Однако к концу дня два отряда стражников заняли свои места на площади Буфэ, неподалеку от замка и от тюрьмы, чтобы сдерживать прибывающую толпу. На эшафоте, обитом черной материей, стоял человек в красном, опираясь на большой меч… Раздался колокольный звон, и показался узник со связанными впереди руками, в которых он держал четки с распятием, время от времени прикладывая его к губам. В сопровождении приора монастыря францисканцев он шел к орудию смерти. Для тех, кто похитил и держал в надежном месте палача, все это казалось непостижимым, и в полном смятении они тщетно искали объяснений.
Все, однако, объяснялось несгибаемой волей Ришелье, по мнению которого эта казнь должна была стать примерной: он пообещал помилование некоему заключенному, которого должны были повесить три дня спустя, если тот согласится казнить Шале. Это был здоровяк-сапожник, осужденный за убийство. А так как большой меч палача исчез вместе с его владельцем, в полку швейцарцев позаимствовали меч такого же размера. Вот почему в назначенный час приговоренного поджидал человек, одетый в красное.
Шале шел твердым шагом, не выражая ни малейших эмоций. Душа его обрела покой, после того как он простил всех врагов, включая и предателя Лувиньи, и попросил прощения у мадам де Шеврез за то, что обвинял ее.
Поднявшись на эшафот, он снял свой камзол, позволил палачу отрезать себе волосы, затем, достав из кармана часослов, отдал его отцу Розье, после чего опустился на колени для последней молитвы, дал завязать себе глаза и сказал палачу:
— Не заставляй меня мучиться!
Он держался очень прямо, ожидая, что удар, нанесенный умелой рукой, лишит его головы. Однако, будучи лишь раненым, он упал на настил, и палач нанес ему еще четыре удара.

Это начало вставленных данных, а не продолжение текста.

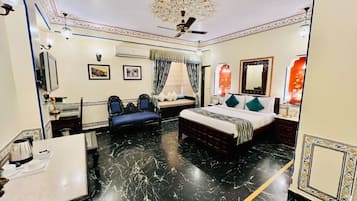 A hotel room with a bed, a desk, a chair, a ceiling fan, and a decorative ceiling.
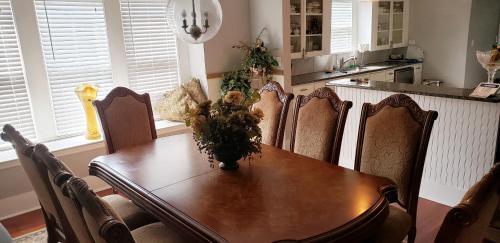 a dining room table with chairs and a kitchen at Home away from home in San Antonio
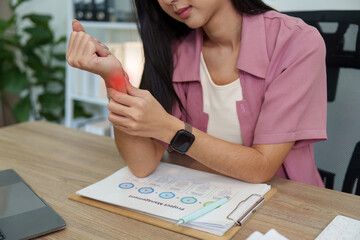 Cropped shot of woman holding painful wrist with red glow over desk for carpal tunnel syndrome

Были слышны крики несчастного:
— Боже милосердный!
На самом деле палач-новичок не подумал о том, чтобы наточить меч, который ему дали: лезвие было недостаточно острым, он потребовал другой. Ему передали бочарный топор, после чего голову вновь уложили на колоду, и злосчастному подмастерью понадобилось двадцать восемь ударов, чтобы отделить ее наконец от тела жертвы, которая вплоть до двадцатого удара продолжала стонать. Покончить с ним удалось, лишь переворачивая его на деревянной колоде! Кордонам солдат пришлось прилагать нечеловеческие усилия» чтобы сдержать возбужденную и вопящую толпу. Люди рвались к помосту, чтобы расправиться с виновником этой отвратительной бойни, и его пришлось увести в тюрьму, чтобы не дать народу растерзать его. Тем временем тело казненного поместили в гроб, а затем в ожидавшую неподалеку карету, чтобы отвезти в монастырь францисканцев и там предать земле.